A choice between two bad choices

there's two bottles of wine and half a six pack of beer in the fridge. there's an infinite universe of hardcore pornography one click of the finger away. there's two valiums left and a big bathtub. there's a lot of empty space that doesn't need to be filled, but it's accustomed to overflowing the way a hoarder's house explodes with useless distractions.

instead there's a head on collision with my greatest enemy.

he stalks up and down the corridor and back and forth across the cat-stained rug. he could study more, or write a song, or play piano. or he could keep binge-watching a tv show that has already made him cry more times this evening than he has since he last got drunk. that was at his niece's seventh birthday party, and he got so shitfaced that he broke down as his stepdad sang elvis to his mother on the makeshift karaoke stage. i can't help falling in love with you. then he vomited in the car and spent two days with a fever and stomach cramps as he sweated out a lifetime of bullshit.
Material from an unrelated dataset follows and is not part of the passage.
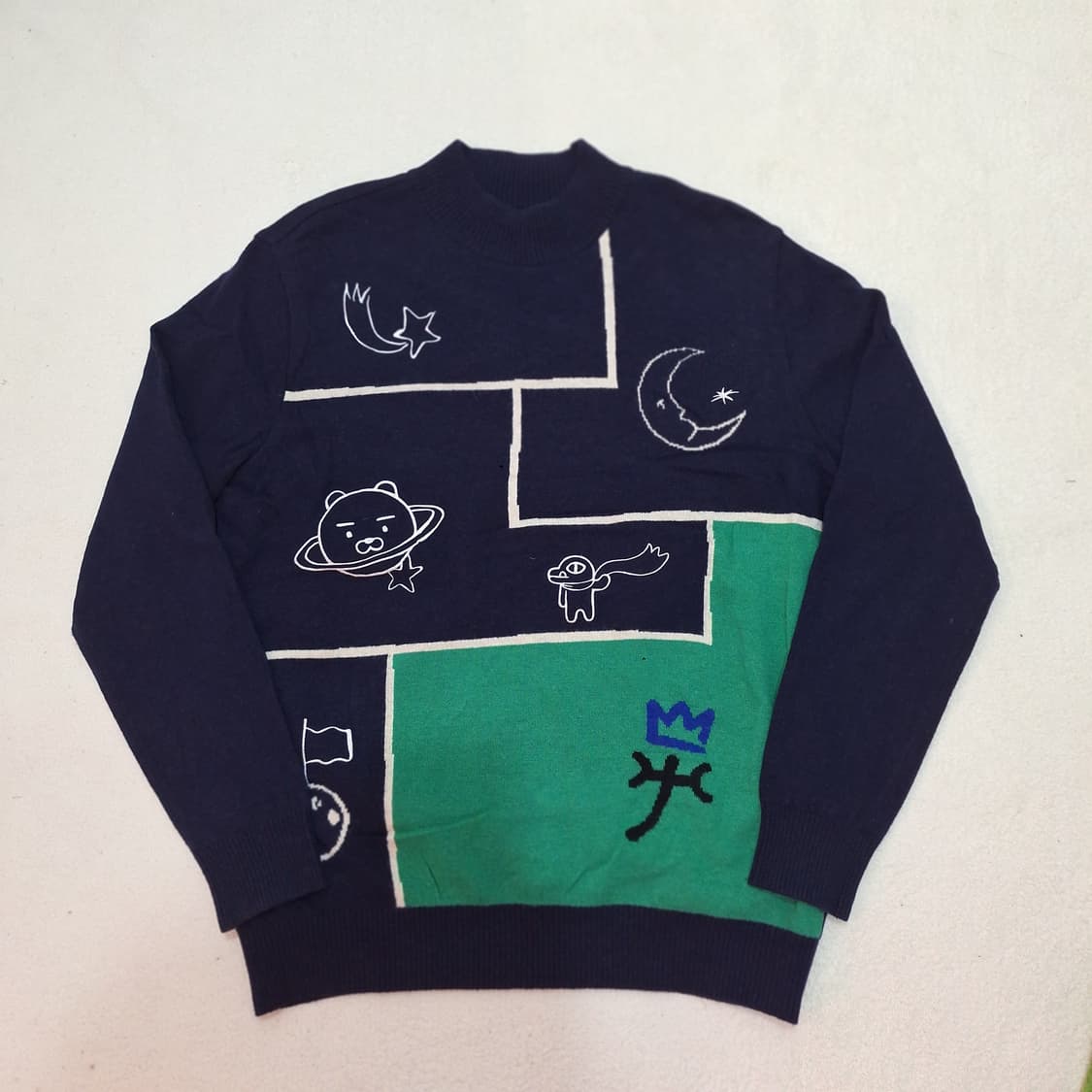 까스텔바작 방풍니트105 상품이미지1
i can't help falling in love with you.

it's time i fell in love with him instead, as there's nobody else in this big empty space. and the choice between netflix and chilling with him instead of murdering him with wine, valium and porn, is the best choice between two bad choices.

it could always be a choice between kill or be killed, but we're not quite there yet.

he could always harden the fuck up and write something on the piano.